# [WORK REQUEST]
Type the records out again in full, exactly.

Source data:
******************************
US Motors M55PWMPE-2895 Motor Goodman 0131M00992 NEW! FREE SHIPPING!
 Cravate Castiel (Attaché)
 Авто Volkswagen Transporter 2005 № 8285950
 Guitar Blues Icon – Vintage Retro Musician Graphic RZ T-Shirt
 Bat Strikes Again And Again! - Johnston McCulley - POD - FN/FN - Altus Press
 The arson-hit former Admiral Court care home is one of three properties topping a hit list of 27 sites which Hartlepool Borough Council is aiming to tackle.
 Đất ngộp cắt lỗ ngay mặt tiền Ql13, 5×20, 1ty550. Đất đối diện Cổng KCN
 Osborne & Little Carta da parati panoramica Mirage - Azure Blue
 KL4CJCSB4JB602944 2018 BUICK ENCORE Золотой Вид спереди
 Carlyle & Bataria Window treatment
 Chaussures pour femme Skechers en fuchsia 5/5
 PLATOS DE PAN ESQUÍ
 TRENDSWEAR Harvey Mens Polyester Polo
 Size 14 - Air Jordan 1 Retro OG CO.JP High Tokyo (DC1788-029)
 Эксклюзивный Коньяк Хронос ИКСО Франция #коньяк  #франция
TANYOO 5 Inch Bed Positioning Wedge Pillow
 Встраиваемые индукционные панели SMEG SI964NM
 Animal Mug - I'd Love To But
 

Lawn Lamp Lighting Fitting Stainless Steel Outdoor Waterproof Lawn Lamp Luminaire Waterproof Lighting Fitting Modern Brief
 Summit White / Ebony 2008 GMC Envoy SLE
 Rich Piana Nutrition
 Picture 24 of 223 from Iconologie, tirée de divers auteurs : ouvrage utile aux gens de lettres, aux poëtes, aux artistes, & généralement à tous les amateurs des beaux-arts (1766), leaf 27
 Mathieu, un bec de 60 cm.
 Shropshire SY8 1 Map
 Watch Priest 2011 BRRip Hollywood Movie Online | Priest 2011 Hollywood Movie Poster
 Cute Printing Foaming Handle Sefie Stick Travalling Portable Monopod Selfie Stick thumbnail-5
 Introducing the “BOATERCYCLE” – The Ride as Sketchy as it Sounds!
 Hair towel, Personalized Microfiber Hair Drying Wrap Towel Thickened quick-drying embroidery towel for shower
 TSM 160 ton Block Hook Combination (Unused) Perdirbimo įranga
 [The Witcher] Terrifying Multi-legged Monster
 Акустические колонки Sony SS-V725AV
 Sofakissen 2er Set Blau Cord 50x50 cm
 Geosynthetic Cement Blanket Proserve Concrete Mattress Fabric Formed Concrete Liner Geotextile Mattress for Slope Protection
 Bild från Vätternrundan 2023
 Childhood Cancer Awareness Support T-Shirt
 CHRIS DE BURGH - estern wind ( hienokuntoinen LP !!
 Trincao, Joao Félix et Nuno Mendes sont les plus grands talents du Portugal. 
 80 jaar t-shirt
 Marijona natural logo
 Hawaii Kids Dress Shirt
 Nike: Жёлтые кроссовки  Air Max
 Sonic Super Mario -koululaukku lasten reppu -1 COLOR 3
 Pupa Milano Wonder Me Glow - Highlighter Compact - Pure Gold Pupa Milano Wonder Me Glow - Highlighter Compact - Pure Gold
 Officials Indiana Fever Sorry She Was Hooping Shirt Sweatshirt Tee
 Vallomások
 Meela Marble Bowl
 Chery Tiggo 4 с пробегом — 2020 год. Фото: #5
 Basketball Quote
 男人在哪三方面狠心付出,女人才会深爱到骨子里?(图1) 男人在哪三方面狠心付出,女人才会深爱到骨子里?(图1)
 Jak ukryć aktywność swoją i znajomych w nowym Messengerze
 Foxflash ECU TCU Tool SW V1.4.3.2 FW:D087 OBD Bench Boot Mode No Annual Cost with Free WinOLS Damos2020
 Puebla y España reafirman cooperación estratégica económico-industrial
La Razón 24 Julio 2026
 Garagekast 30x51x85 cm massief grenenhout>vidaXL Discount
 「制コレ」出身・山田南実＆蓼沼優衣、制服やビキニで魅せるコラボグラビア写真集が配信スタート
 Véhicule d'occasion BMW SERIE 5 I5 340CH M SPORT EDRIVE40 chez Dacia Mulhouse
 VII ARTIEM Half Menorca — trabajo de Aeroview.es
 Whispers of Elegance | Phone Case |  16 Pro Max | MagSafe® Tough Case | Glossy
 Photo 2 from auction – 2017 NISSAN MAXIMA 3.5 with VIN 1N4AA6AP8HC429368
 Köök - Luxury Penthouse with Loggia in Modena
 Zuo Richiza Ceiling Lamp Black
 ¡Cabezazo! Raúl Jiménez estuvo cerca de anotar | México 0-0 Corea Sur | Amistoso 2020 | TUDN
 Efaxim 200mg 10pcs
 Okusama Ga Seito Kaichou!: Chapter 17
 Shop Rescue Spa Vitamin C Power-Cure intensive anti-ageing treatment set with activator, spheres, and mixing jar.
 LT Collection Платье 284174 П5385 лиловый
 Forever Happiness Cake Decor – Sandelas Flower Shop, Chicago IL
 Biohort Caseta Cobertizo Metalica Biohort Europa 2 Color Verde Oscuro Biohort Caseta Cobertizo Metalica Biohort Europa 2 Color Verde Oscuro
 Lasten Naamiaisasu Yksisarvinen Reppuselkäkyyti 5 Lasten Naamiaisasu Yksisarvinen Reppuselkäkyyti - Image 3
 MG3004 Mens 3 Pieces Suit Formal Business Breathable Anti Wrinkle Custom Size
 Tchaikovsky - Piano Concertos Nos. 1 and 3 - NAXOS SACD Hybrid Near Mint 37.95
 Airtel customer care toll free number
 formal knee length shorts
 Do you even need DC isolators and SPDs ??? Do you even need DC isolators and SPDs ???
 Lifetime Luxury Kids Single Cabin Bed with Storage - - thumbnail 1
******************************
# [RESULT BELOW]
US Motors M55PWMPE-2895 Motor Goodman 0131M00992 NEW! FREE SHIPPING!
 Cravate Castiel (Attaché)
 Авто Volkswagen Transporter 2005 № 8285950
 Guitar Blues Icon – Vintage Retro Musician Graphic RZ T-Shirt
 Bat Strikes Again And Again! - Johnston McCulley - POD - FN/FN - Altus Press
 The arson-hit former Admiral Court care home is one of three properties topping a hit list of 27 sites which Hartlepool Borough Council is aiming to tackle.
 Đất ngộp cắt lỗ ngay mặt tiền Ql13, 5×20, 1ty550. Đất đối diện Cổng KCN
 Osborne & Little Carta da parati panoramica Mirage - Azure Blue
 KL4CJCSB4JB602944 2018 BUICK ENCORE Золотой Вид спереди
 Carlyle & Bataria Window treatment
 Chaussures pour femme Skechers en fuchsia 5/5
 PLATOS DE PAN ESQUÍ
 TRENDSWEAR Harvey Mens Polyester Polo
 Size 14 - Air Jordan 1 Retro OG CO.JP High Tokyo (DC1788-029)
 Эксклюзивный Коньяк Хронос ИКСО Франция #коньяк  #франция
TANYOO 5 Inch Bed Positioning Wedge Pillow
 Встраиваемые индукционные панели SMEG SI964NM
 Animal Mug - I'd Love To But
 

Lawn Lamp Lighting Fitting Stainless Steel Outdoor Waterproof Lawn Lamp Luminaire Waterproof Lighting Fitting Modern Brief
 Summit White / Ebony 2008 GMC Envoy SLE
 Rich Piana Nutrition
 Picture 24 of 223 from Iconologie, tirée de divers auteurs : ouvrage utile aux gens de lettres, aux poëtes, aux artistes, & généralement à tous les amateurs des beaux-arts (1766), leaf 27
 Mathieu, un bec de 60 cm.
 Shropshire SY8 1 Map
 Watch Priest 2011 BRRip Hollywood Movie Online | Priest 2011 Hollywood Movie Poster
 Cute Printing Foaming Handle Sefie Stick Travalling Portable Monopod Selfie Stick thumbnail-5
 Introducing the “BOATERCYCLE” – The Ride as Sketchy as it Sounds!
 Hair towel, Personalized Microfiber Hair Drying Wrap Towel Thickened quick-drying embroidery towel for shower
 TSM 160 ton Block Hook Combination (Unused) Perdirbimo įranga
 [The Witcher] Terrifying Multi-legged Monster
 Акустические колонки Sony SS-V725AV
 Sofakissen 2er Set Blau Cord 50x50 cm
 Geosynthetic Cement Blanket Proserve Concrete Mattress Fabric Formed Concrete Liner Geotextile Mattress for Slope Protection
 Bild från Vätternrundan 2023
 Childhood Cancer Awareness Support T-Shirt
 CHRIS DE BURGH - estern wind ( hienokuntoinen LP !!
 Trincao, Joao Félix et Nuno Mendes sont les plus grands talents du Portugal. 
 80 jaar t-shirt
 Marijona natural logo
 Hawaii Kids Dress Shirt
 Nike: Жёлтые кроссовки  Air Max
 Sonic Super Mario -koululaukku lasten reppu -1 COLOR 3
 Pupa Milano Wonder Me Glow - Highlighter Compact - Pure Gold Pupa Milano Wonder Me Glow - Highlighter Compact - Pure Gold
 Officials Indiana Fever Sorry She Was Hooping Shirt Sweatshirt Tee
 Vallomások
 Meela Marble Bowl
 Chery Tiggo 4 с пробегом — 2020 год. Фото: #5
 Basketball Quote
 男人在哪三方面狠心付出,女人才会深爱到骨子里?(图1) 男人在哪三方面狠心付出,女人才会深爱到骨子里?(图1)
 Jak ukryć aktywność swoją i znajomych w nowym Messengerze
 Foxflash ECU TCU Tool SW V1.4.3.2 FW:D087 OBD Bench Boot Mode No Annual Cost with Free WinOLS Damos2020
 Puebla y España reafirman cooperación estratégica económico-industrial
La Razón 24 Julio 2026
 Garagekast 30x51x85 cm massief grenenhout>vidaXL Discount
 「制コレ」出身・山田南実＆蓼沼優衣、制服やビキニで魅せるコラボグラビア写真集が配信スタート
 Véhicule d'occasion BMW SERIE 5 I5 340CH M SPORT EDRIVE40 chez Dacia Mulhouse
 VII ARTIEM Half Menorca — trabajo de Aeroview.es
 Whispers of Elegance | Phone Case |  16 Pro Max | MagSafe® Tough Case | Glossy
 Photo 2 from auction – 2017 NISSAN MAXIMA 3.5 with VIN 1N4AA6AP8HC429368
 Köök - Luxury Penthouse with Loggia in Modena
 Zuo Richiza Ceiling Lamp Black
 ¡Cabezazo! Raúl Jiménez estuvo cerca de anotar | México 0-0 Corea Sur | Amistoso 2020 | TUDN
 Efaxim 200mg 10pcs
 Okusama Ga Seito Kaichou!: Chapter 17
 Shop Rescue Spa Vitamin C Power-Cure intensive anti-ageing treatment set with activator, spheres, and mixing jar.
 LT Collection Платье 284174 П5385 лиловый
 Forever Happiness Cake Decor – Sandelas Flower Shop, Chicago IL
 Biohort Caseta Cobertizo Metalica Biohort Europa 2 Color Verde Oscuro Biohort Caseta Cobertizo Metalica Biohort Europa 2 Color Verde Oscuro
 Lasten Naamiaisasu Yksisarvinen Reppuselkäkyyti 5 Lasten Naamiaisasu Yksisarvinen Reppuselkäkyyti - Image 3
 MG3004 Mens 3 Pieces Suit Formal Business Breathable Anti Wrinkle Custom Size
 Tchaikovsky - Piano Concertos Nos. 1 and 3 - NAXOS SACD Hybrid Near Mint 37.95
 Airtel customer care toll free number
 formal knee length shorts
 Do you even need DC isolators and SPDs ??? Do you even need DC isolators and SPDs ???
 Lifetime Luxury Kids Single Cabin Bed with Storage - - thumbnail 1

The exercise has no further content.